Objectives: Demonstrate your ability to use the rtweet and RedditExtractoR libraries. Show that you can generate bigrams from a corpus or tidy text object. Show that you can compute the sentiment score using the function provided in the lecture.
Part A (65 points) Using the rtweet library, do the following 6 tasks. You do not have to do them in the order listed below if the order listed below does not make sense for your data or processing choices. However, please call out all 6 tasks clearly in your assignment.
• Pick two countries and search for the tweets associated with these two terms. (use a search tool, do not retrieve tweets from specific usernames)
• Process each set of tweets into tidy text or corpus objects.
• Use some of the pre-processing transformations described in the lecture.
• Get a list of the most frequent terms from each country’s tweets. Compare them. Do the results make sense?
• Show top word pairs (bigrams) for each country as described in the lecture.
• Compute the sentiment score (as described in the lecture) for all the tweets for each country. Compare the sentiments for the two countries. Do the results make sense?
Part B (35 points) Use the RedditExtractoR library, do the following 5 tasks. You do not have to do them in the order listed below if the order listed below does not make sense for your data or processing choices. However, please call out all 5 tasks clearly in your assignment.
• Select an article on Reddit that has at least 5 comments (more is better). Retrieve the comments. You may choose any article from any subreddit. If you don’t know which subreddit to choose, you can use the “World News” subreddit and search for one of the countries you studied in Part A (Twitter).
• Process the comments into tidy text or corpus objects..
• Use some of the pre-processing transformations described in the lecture.
• Get a list of the most frequent terms.
• Compute the sentiment score for the comments.
SUBMISSION REQUIREMENTS:
• Create a Word, PDF, or Rmd document. If you use Rmd you will need to make sure to save the output as a PDF.
• For each question, state the question you are answering. Then answer the question by explaining in sentences (in English, not in R or other languages) what you did to get to the answer. You may include screenshots and/or copy-paste of key lines of code and the corresponding output in your answer. (If you are using Rmd, this means you must generally use echo=FALSE and/or include=FALSE for the body of the document.)
• Full code should be included as an Appendix to your Word or PDF document. Coding must be in R. Do NOT include full code in the main part of your document.
• Please ensure that a Word or PDF file as the first file in your submission.

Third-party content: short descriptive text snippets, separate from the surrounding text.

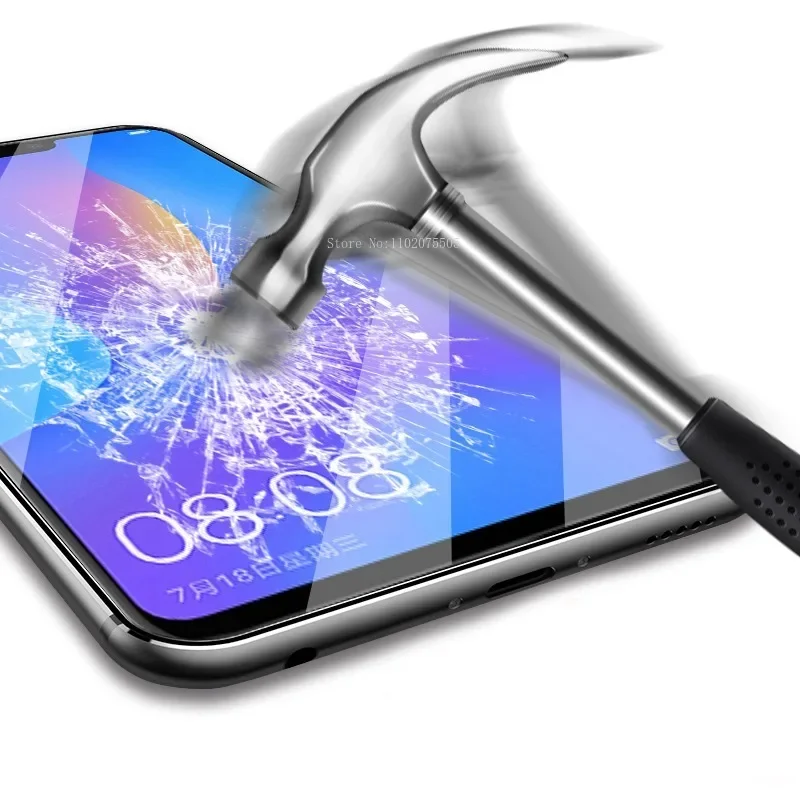 Рисунок 4 - Защитное стекло 15D для Huawei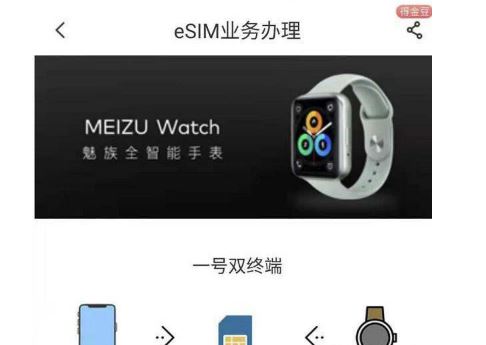 魅族Watch可以插电话卡吗 魅族Watch支不支持打电话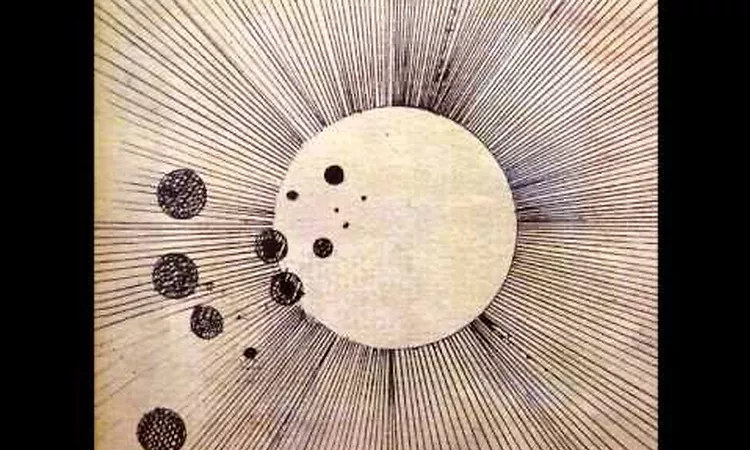 Flying Lotus - Satelllliiiiiiiteee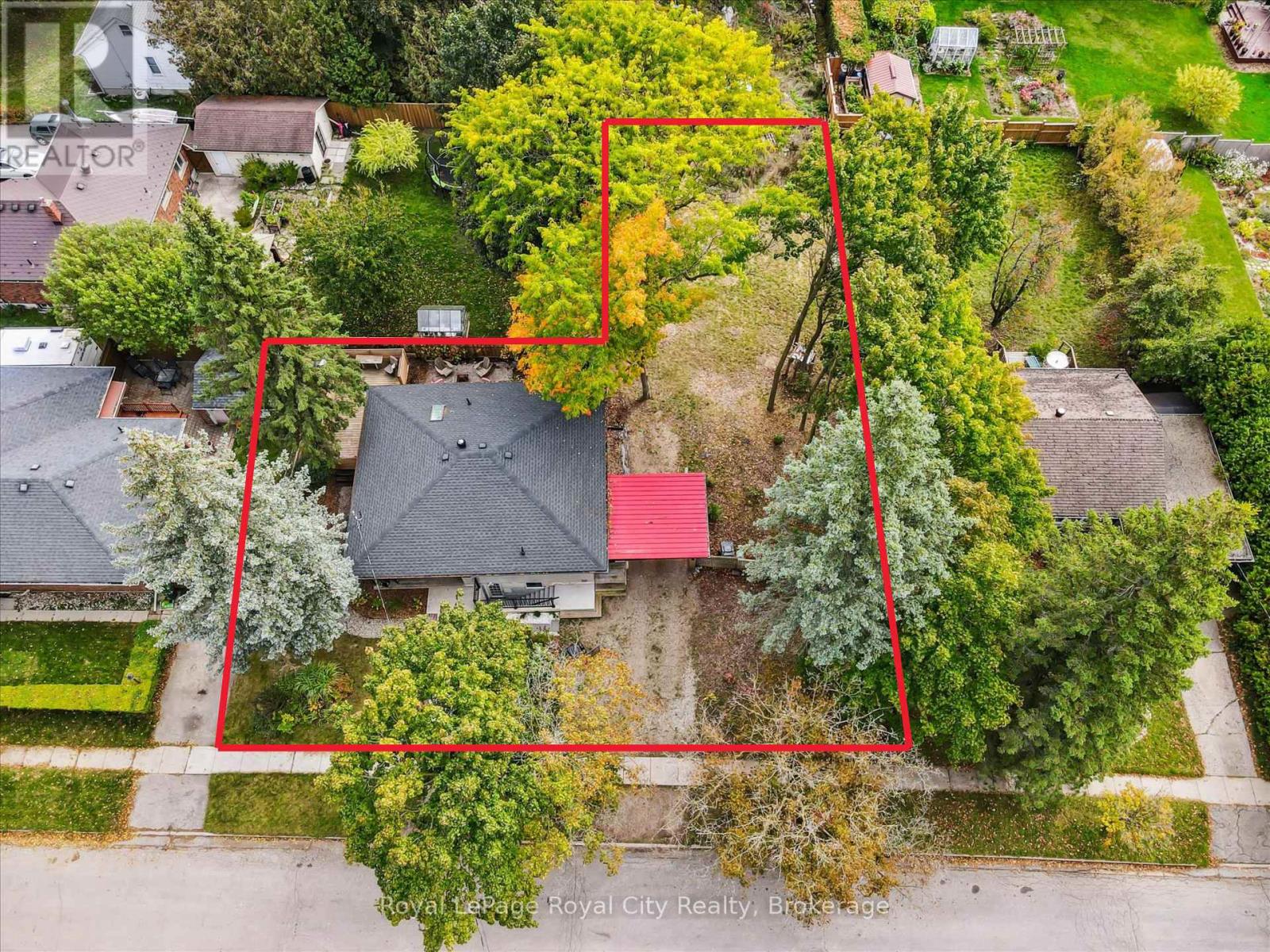20 Highview Pl, Guelph, ON N1H 1M7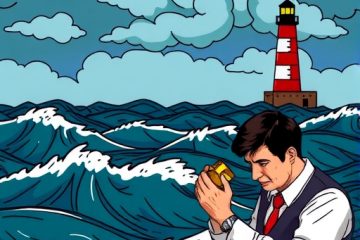 Jim Rogers Predictions: Are You Prepared for the Worst Economic Downturn?
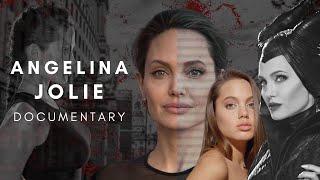 Dark Hollywood : Angelina Jolie (Documentary)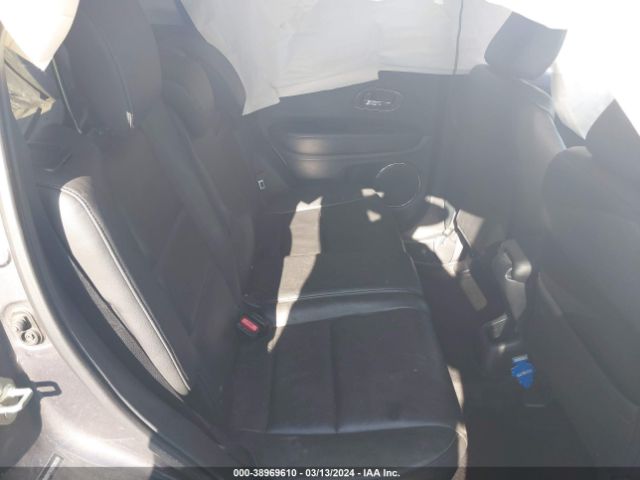 3CZRU5H79GM729335 Honda Hr-v Ex-l
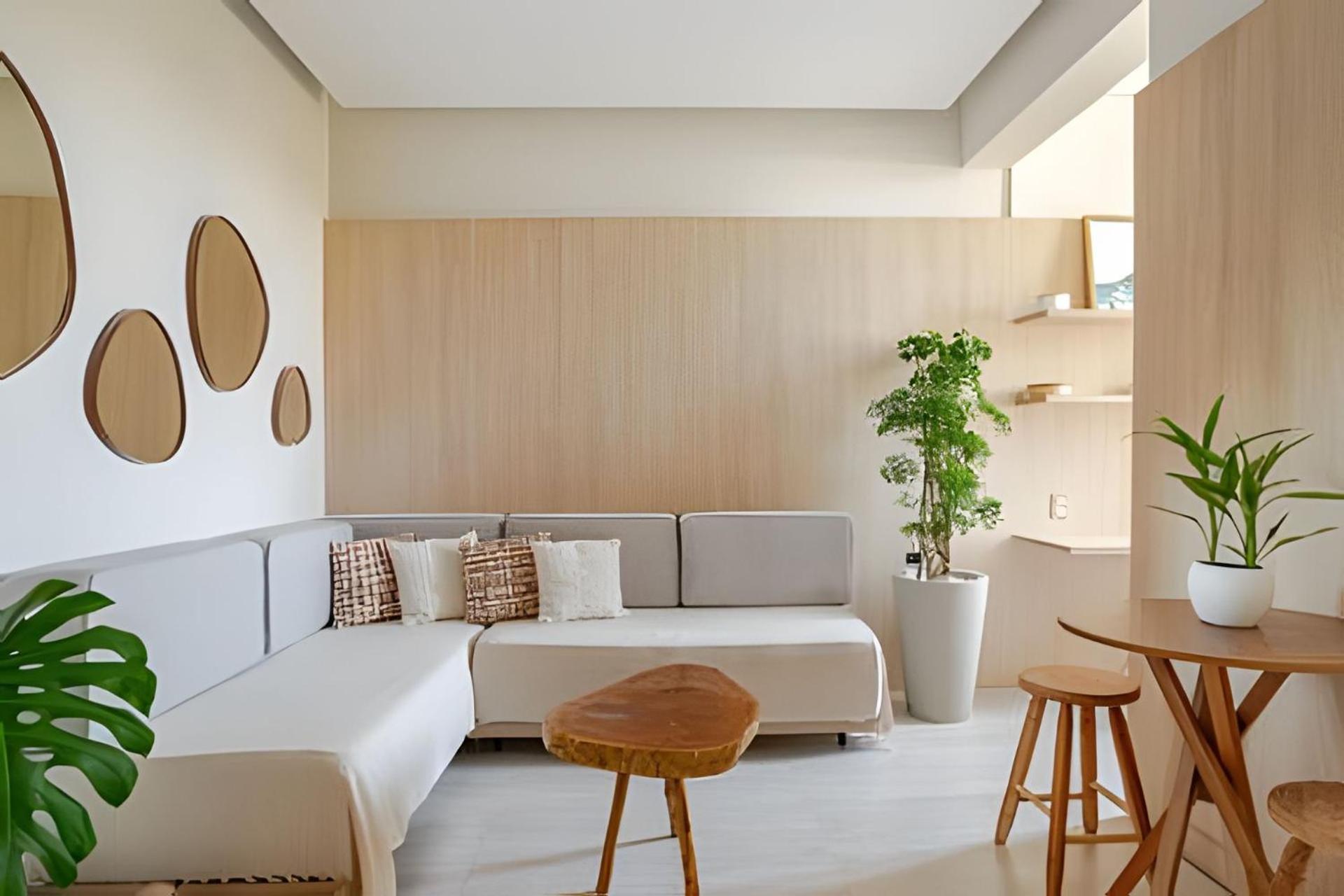 Ipanema | Seaside Apartamento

• You may also separately upload your R and/or Rmd code to Blackboard.
• If your facilitator tells you to submit the files differently than the above guidelines, you are expected to respect your facilitator’s wishes starting on the next assignment.
• Facilitators can deduct up to 20% if you fail to follow these requirements (more if the questions are not actually answered).
• Facilitators can deduct 5% for each day the assignment is late. You may submit one (and only one) of the six assignments up to three days late with no penalty but all other assignments will be penalized.
• Unless your facilitator or the professor agrees, your assignment will not be graded if it is more than 3 days late (e.g., no credit will be given after Friday at 6 AM Boston time). The professor will usually ask the facilitator to make the decision but in rare cases (<1% of the time) has overridden a facilitator. Do not expect the professor to override in most cases.